What I hear is that the troops might not like it.
There's lots of talk about good order and discipline and unit cohesiveness.
And some talk about troops in some communal shower being worried that a fellow soldier/sailor is checking out their ass.
It's like they have no memory.
In 1947 President Truman ignored similar advice and ordered the Armed Forces to become racially integrated. And they did. It wasn't perfectly done. Racism exists in society so it exists in the military. But by all accounts, the Armed Forces did a pretty good job of forcing those whites in the service who didn't want serve with blacks as equals to either accept it or get out.
And it worked.
I remember growing up as an Air Force brat seeing people living together is something approaching harmony. It was clear that, no matter what a person might think, active overt racism was not acceptable any more. I was a kid, I am sure that there were things that happened that I didn't hear about. But by the time I joined the Navy, race was much less a factor in the Armed Services than in the population at large. We weren't that far from a black man as Chairman of the Joint Chiefs of Staff.

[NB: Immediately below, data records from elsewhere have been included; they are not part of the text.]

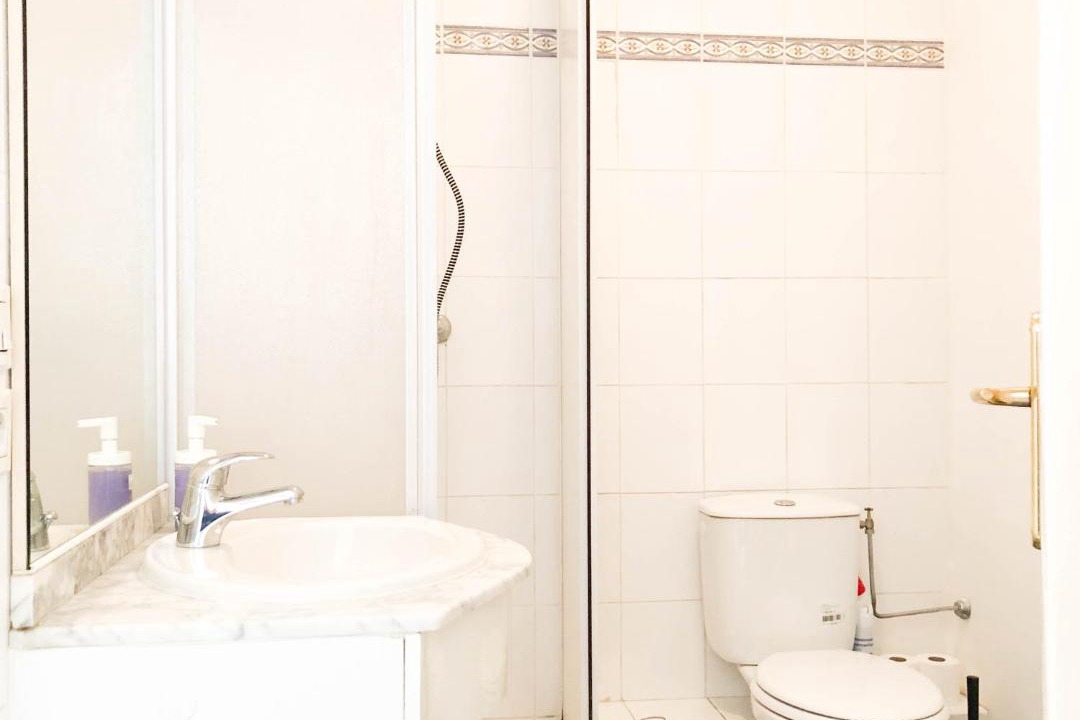 Photo of Bathroom in Riquier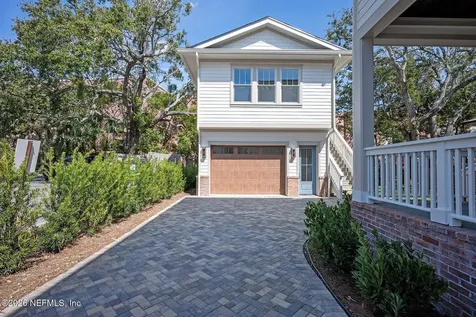 1829 Powell Place Jacksonville FL 32205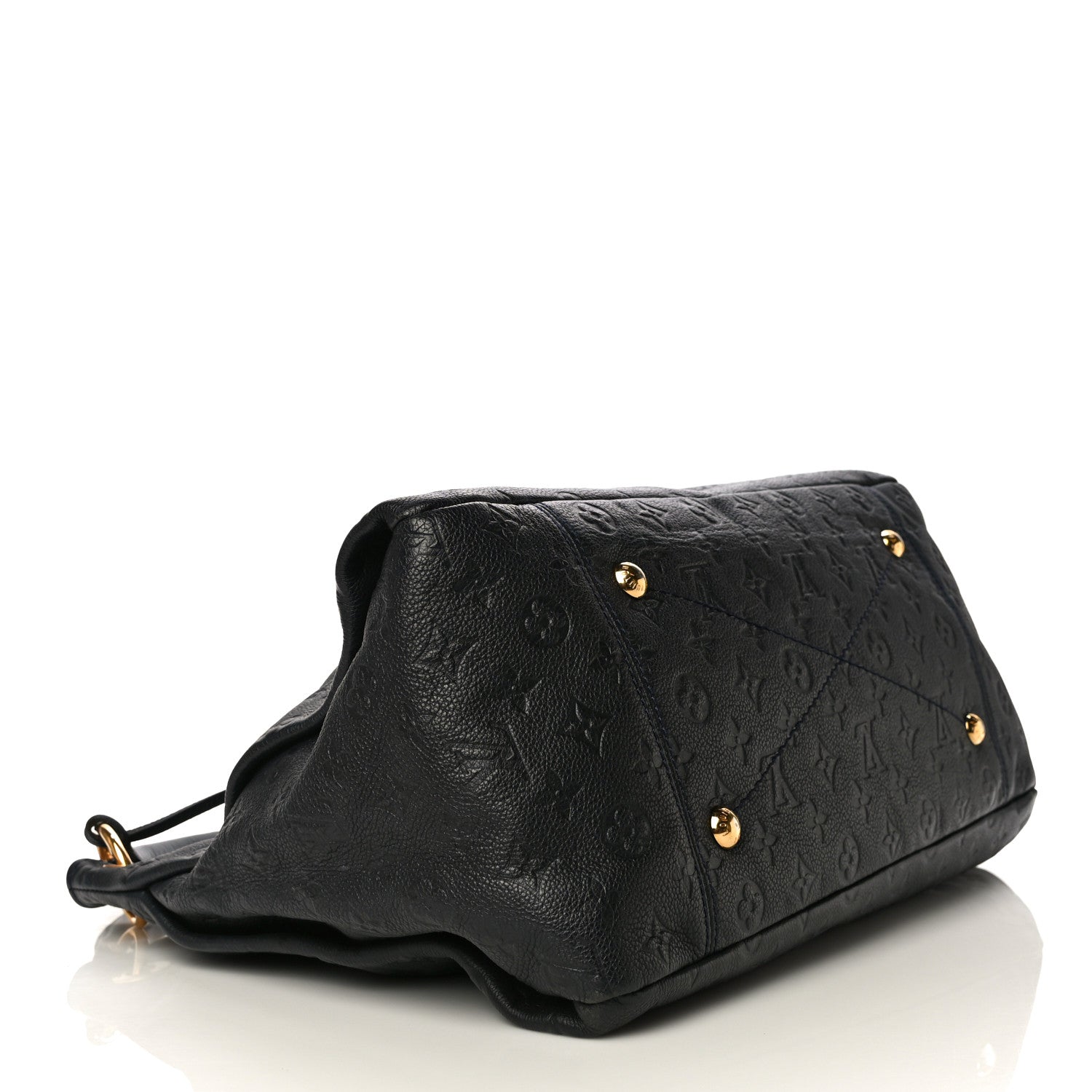 Louis Vuitton Empreinte Artsy MM Infini 4 of 11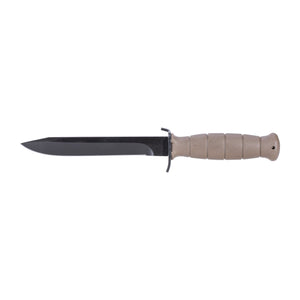 Austrian Style Army Bayonet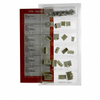 Connector Kits - 23-0766500201-ND - DigiKey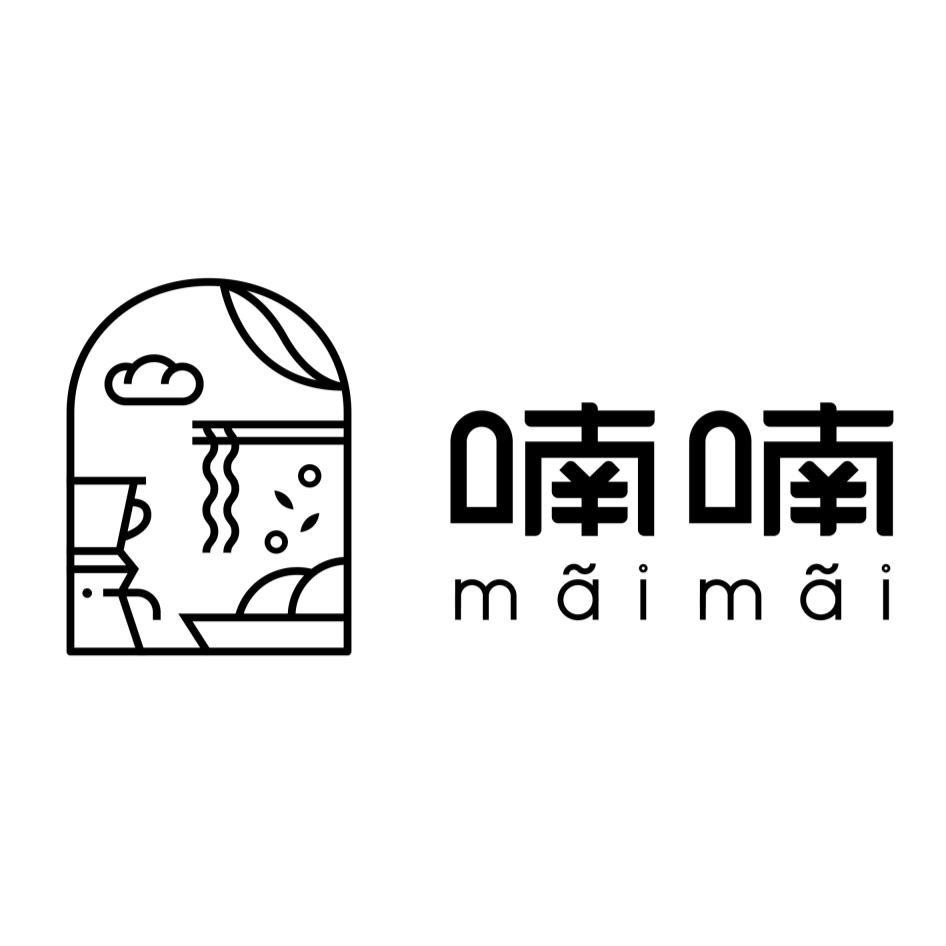 喃喃mai mai及圖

When I joined the Navy (1976) we were going through much of the same thing as women were more fully integrated into the Armed Services. They were serving on other than hospital ships in almost every speciality. They were flying fighter aircraft. Many similar arguments were made about integrating women then as they are making about integrating gays now. There were concerns that men and women would form relationships and those relationships were interfere with good order and discipline. That debate goes on since we still don't have women serving in infantry units, but almost all the disasters predicted by those opposed to what integration we have achieved didn't happen. There were incidents like Tailhook, where some people failed to recognize that the world had changed. But over a fairly short period of time, those problems mostly disappeared.

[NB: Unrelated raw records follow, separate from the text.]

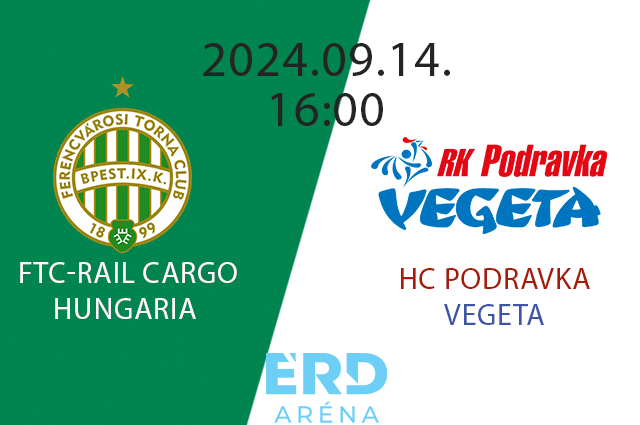 FTC - Podravka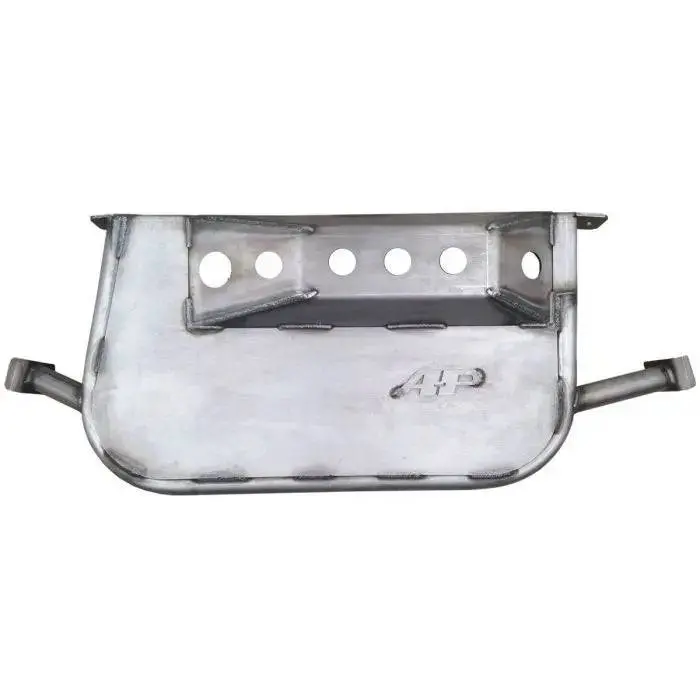 All-Pro 05+ Tacoma T-Case And Exhaust Skid Plate 1
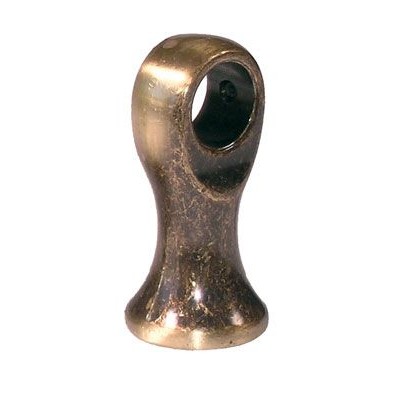 Supporto zama d.13 mm.50 bronzo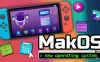 Switch游戏–NS MakOS新操作系统 [NSP],百度云下载
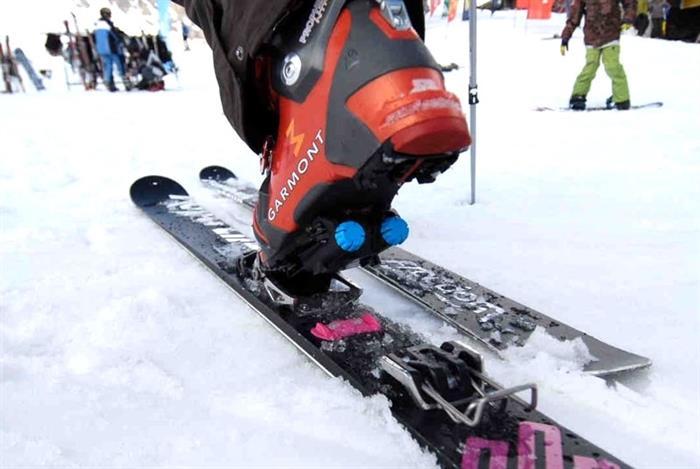 Produktbild Rottefella NTN Freedom 20202 (Telemark Ski)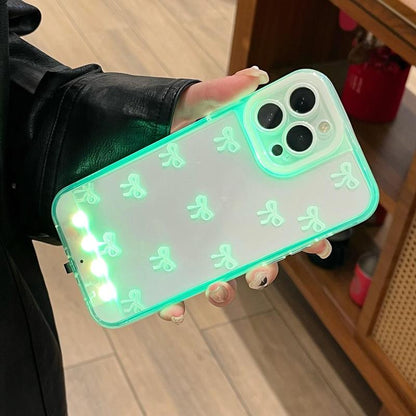 LED iPhone Hoesje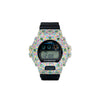 Rainbow Flooded G-Shock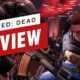 Wanted: Dead Review
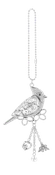 3D Car Charm
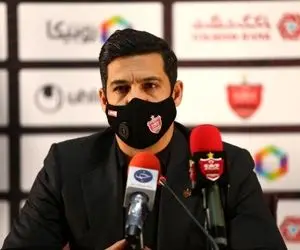 ماجرای ابراهیم شکوری و 792 میلیونی که در پرسپولیس گم شد!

And now we are discussing acknowledging what is already true and contemplating stopping the insanity of punishing people purely for being gay. The utter stupidity of telling honorable patriotic Americans that they are not good enough to serve in the Armed Forces of this country simply because of who they love.
We hear much the same arguments we heard about blacks and about women and those arguments then were wrong and the arguments now will also be wrong.
How/Why is it defendable to allow some people's prejudice to determine that some other Americans aren't good enough to serve?